DATASET EXCERPT

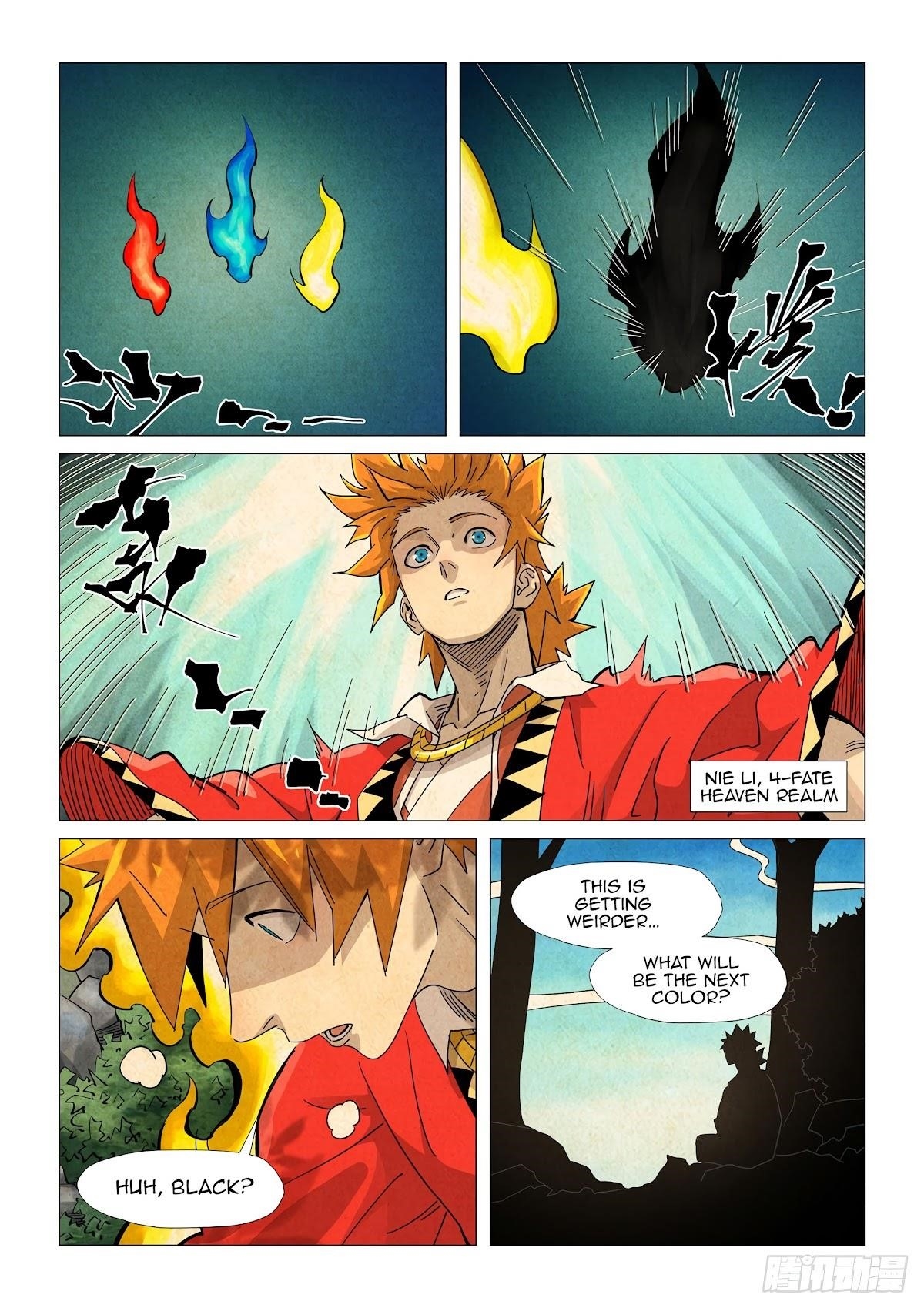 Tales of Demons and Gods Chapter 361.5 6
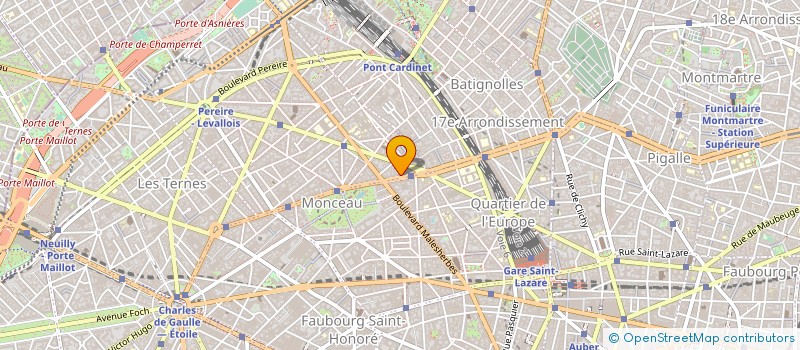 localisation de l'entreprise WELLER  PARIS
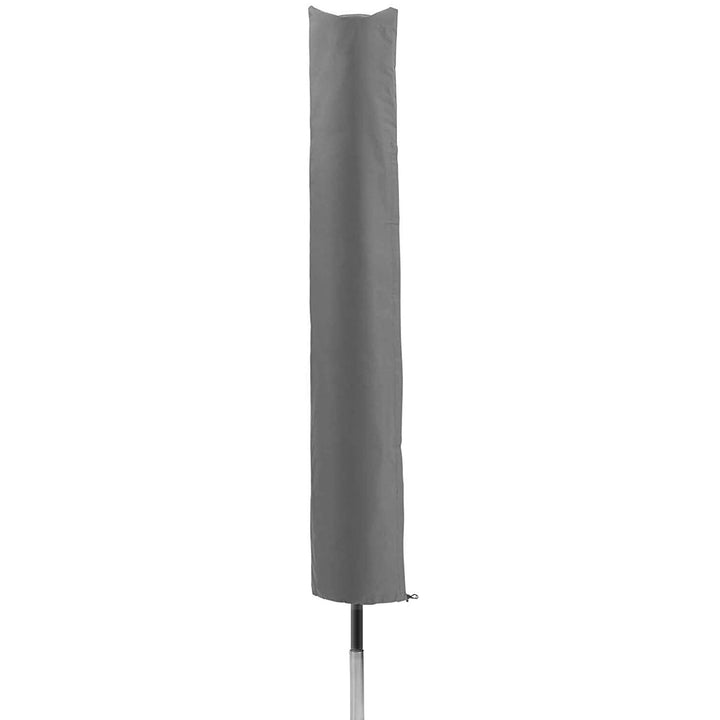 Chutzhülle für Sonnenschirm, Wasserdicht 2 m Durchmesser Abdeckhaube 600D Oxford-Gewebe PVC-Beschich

WHAT TO WORK ON
Without the pictures, write out the listing exactly as it appears above.

ANSWER SECTION
 Tales of Demons and Gods Chapter 361.5 6
 localisation de l'entreprise WELLER  PARIS
 Chutzhülle für Sonnenschirm, Wasserdicht 2 m Durchmesser Abdeckhaube 600D Oxford-Gewebe PVC-Beschich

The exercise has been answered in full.